◆ WHAT YOU SHOULD DO
Below this line is a listing that includes pictures. Copy exactly, and only, the lines from the one containing "Esguince de tobillo" through the one containing "Photo 7 from"; the pictures do not go in the copy.

◆ ENTRIES SHOWN
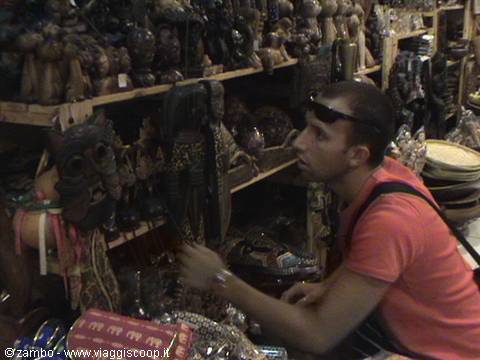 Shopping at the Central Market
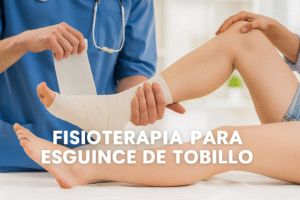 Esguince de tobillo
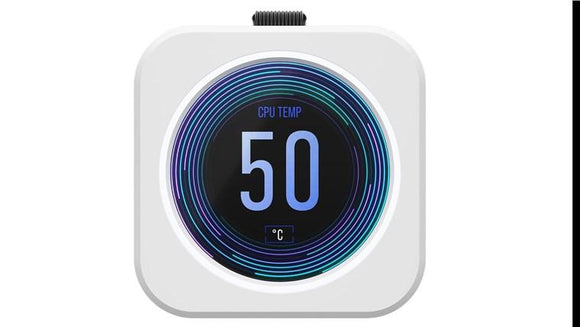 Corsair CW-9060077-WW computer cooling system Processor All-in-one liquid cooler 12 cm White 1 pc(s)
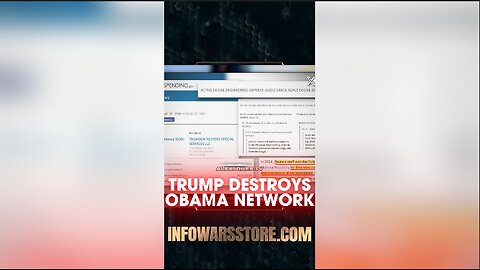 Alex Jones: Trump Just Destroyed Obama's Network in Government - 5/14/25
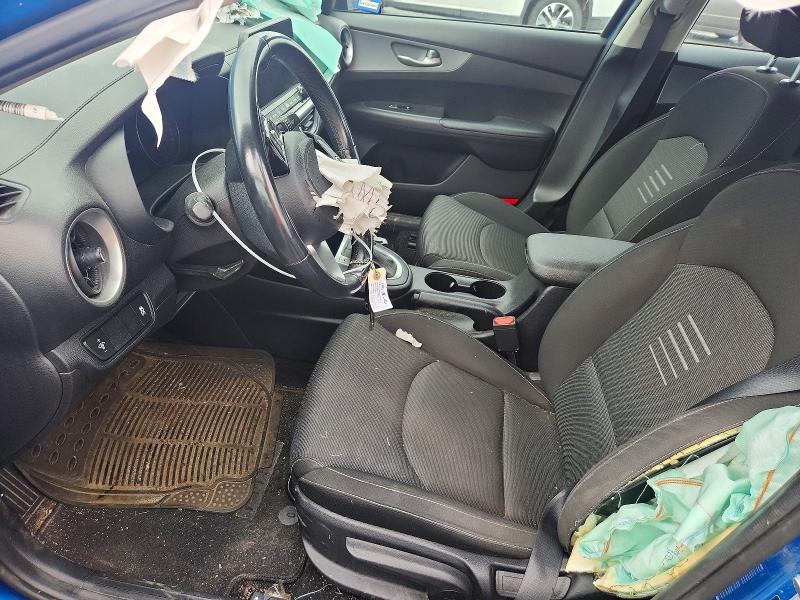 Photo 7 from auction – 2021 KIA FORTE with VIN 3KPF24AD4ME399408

* * *

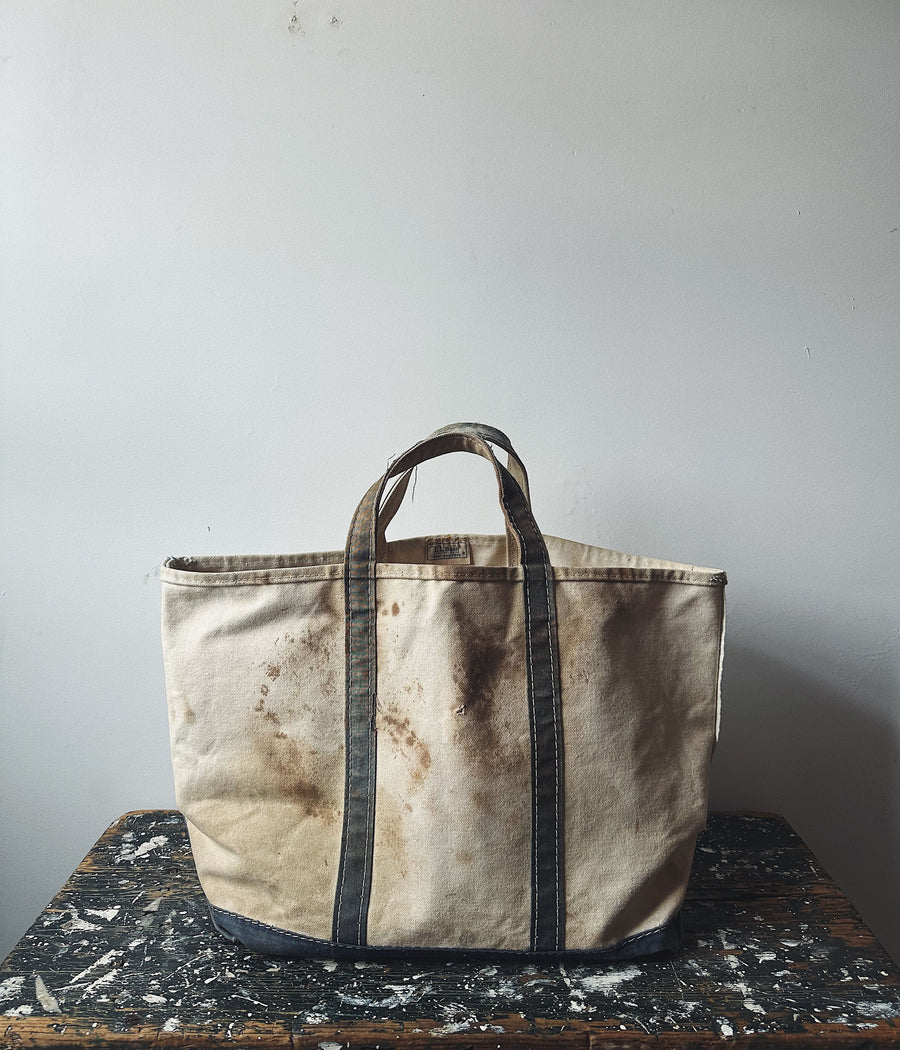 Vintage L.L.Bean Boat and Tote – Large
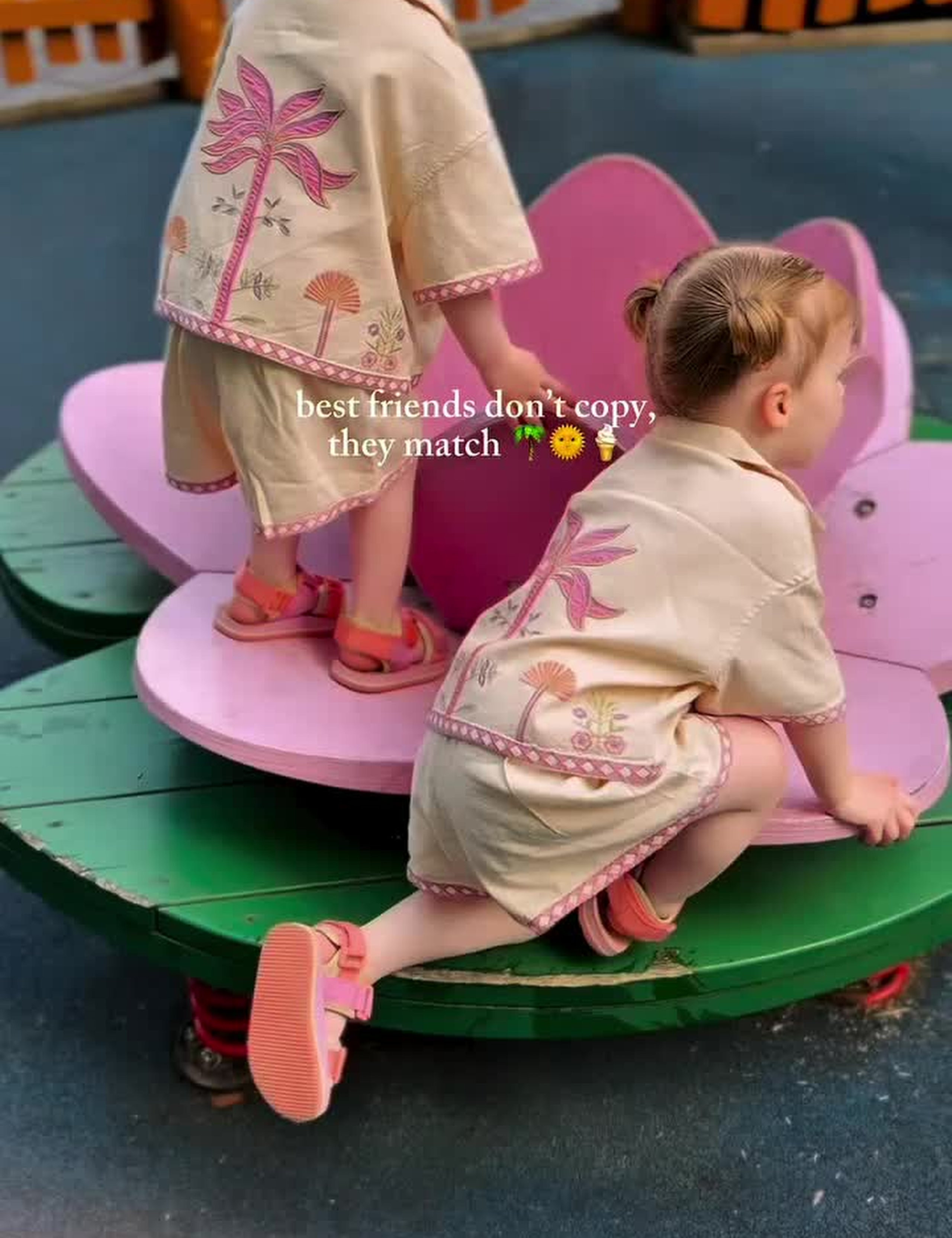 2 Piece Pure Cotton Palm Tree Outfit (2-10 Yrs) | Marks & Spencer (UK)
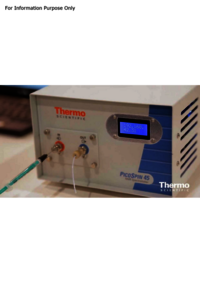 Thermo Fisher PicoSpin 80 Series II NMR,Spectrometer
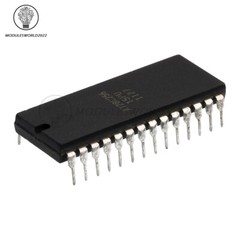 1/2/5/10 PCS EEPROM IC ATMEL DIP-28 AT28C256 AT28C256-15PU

◆ ANSWER AREA
 Esguince de tobillo
 Corsair CW-9060077-WW computer cooling system Processor All-in-one liquid cooler 12 cm White 1 pc(s)
 Alex Jones: Trump Just Destroyed Obama's Network in Government - 5/14/25
 Photo 7 from auction – 2021 KIA FORTE with VIN 3KPF24AD4ME399408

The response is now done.